▼
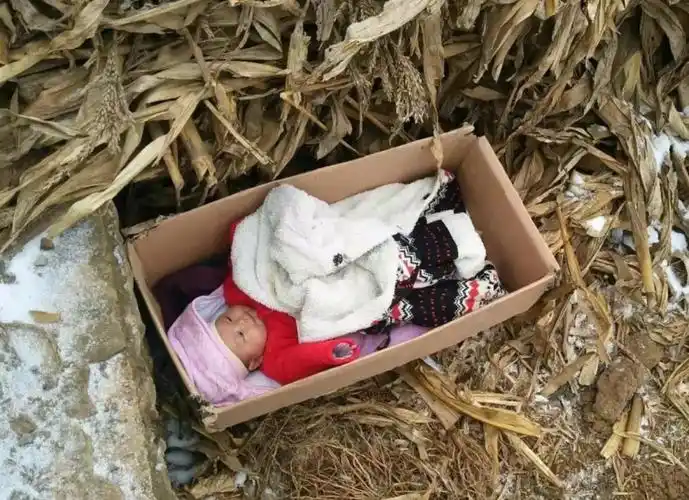 收养了百名弃婴,其规模已相当于一家民间孤儿院但火灾之后收养被叫停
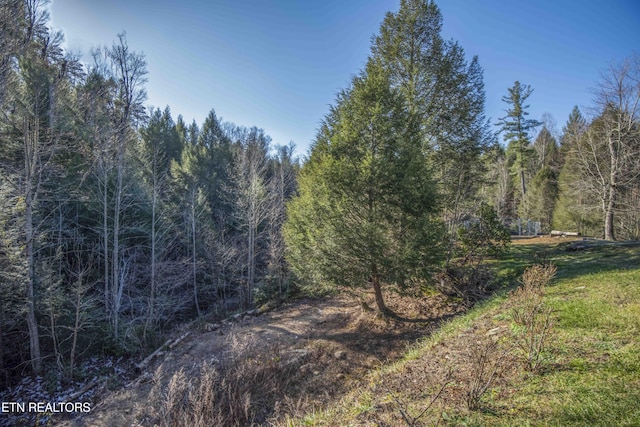 view of landscape with a wooded view
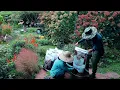 Download Lagu Mountain life, shopping for fall flowers and mulching with organic coconut chips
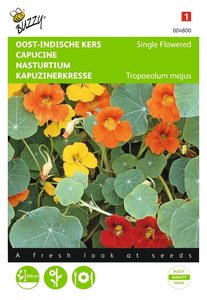 Buzzy® Tropaeolum, Oost-Indische kers enkelbloemig gemengd - afbeelding 1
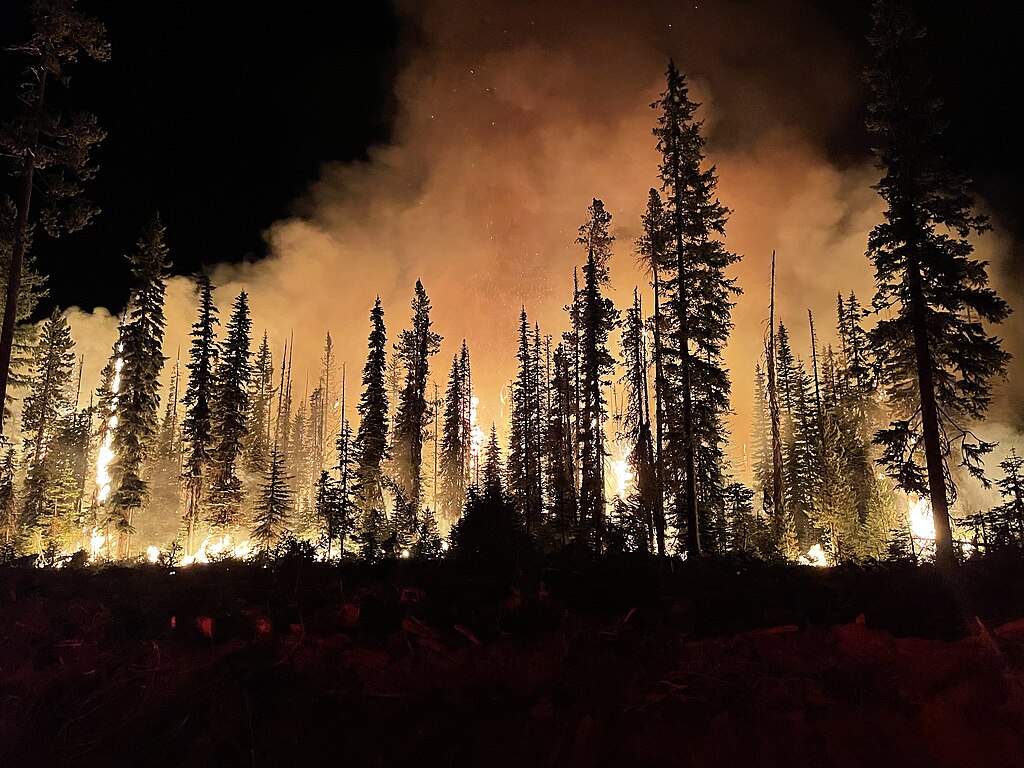 Wildfire engulfing a forest at night, with tall trees silhouetted against the bright flames and smoke.
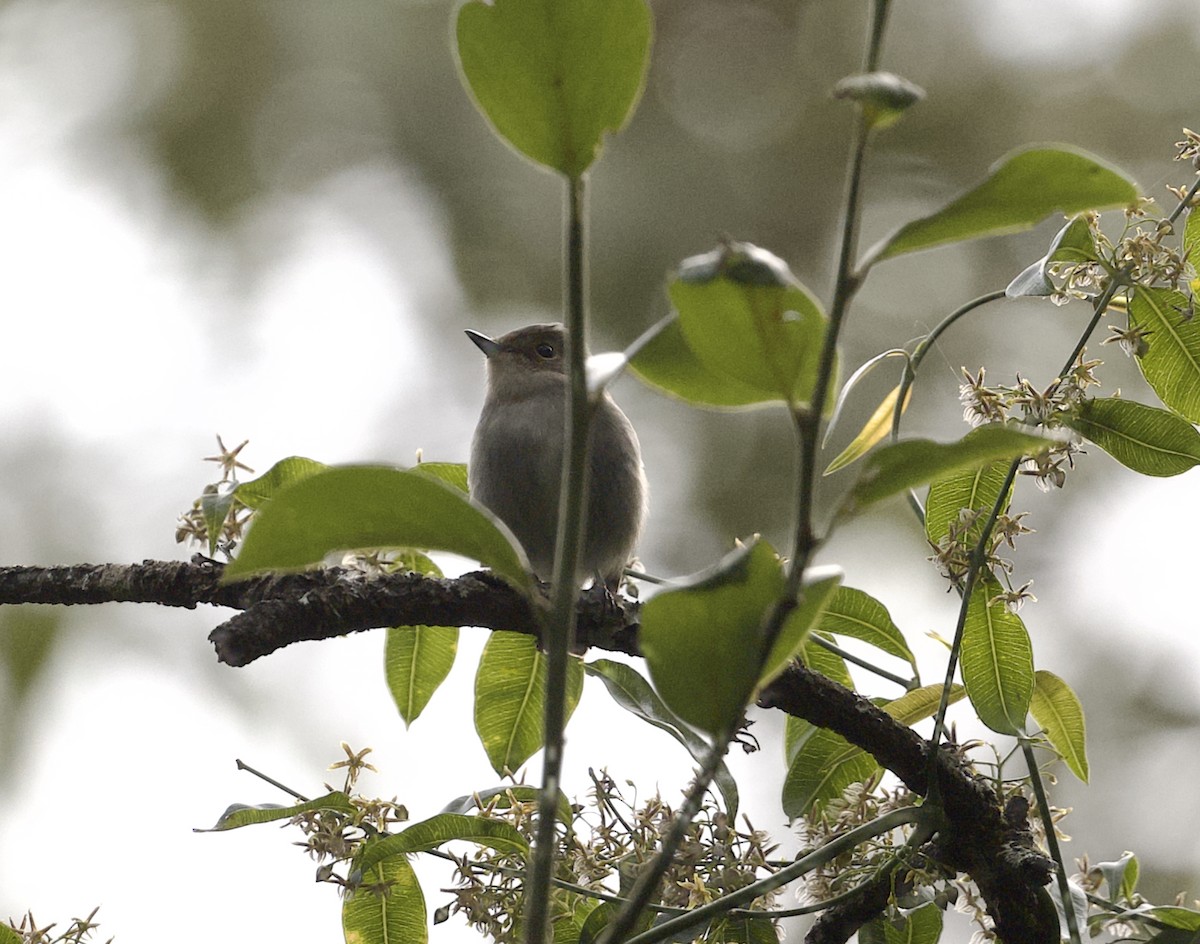 Gobemouche pie - ML646020077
▲
# Instructions for the task:
Reproduce the material above in full and without alteration, but skip all pictures.

# Exercise result:
 收养了百名弃婴,其规模已相当于一家民间孤儿院但火灾之后收养被叫停
 view of landscape with a wooded view
 Download Lagu Mountain life, shopping for fall flowers and mulching with organic coconut chips
 Buzzy® Tropaeolum, Oost-Indische kers enkelbloemig gemengd - afbeelding 1
 Wildfire engulfing a forest at night, with tall trees silhouetted against the bright flames and smoke.
 Gobemouche pie - ML646020077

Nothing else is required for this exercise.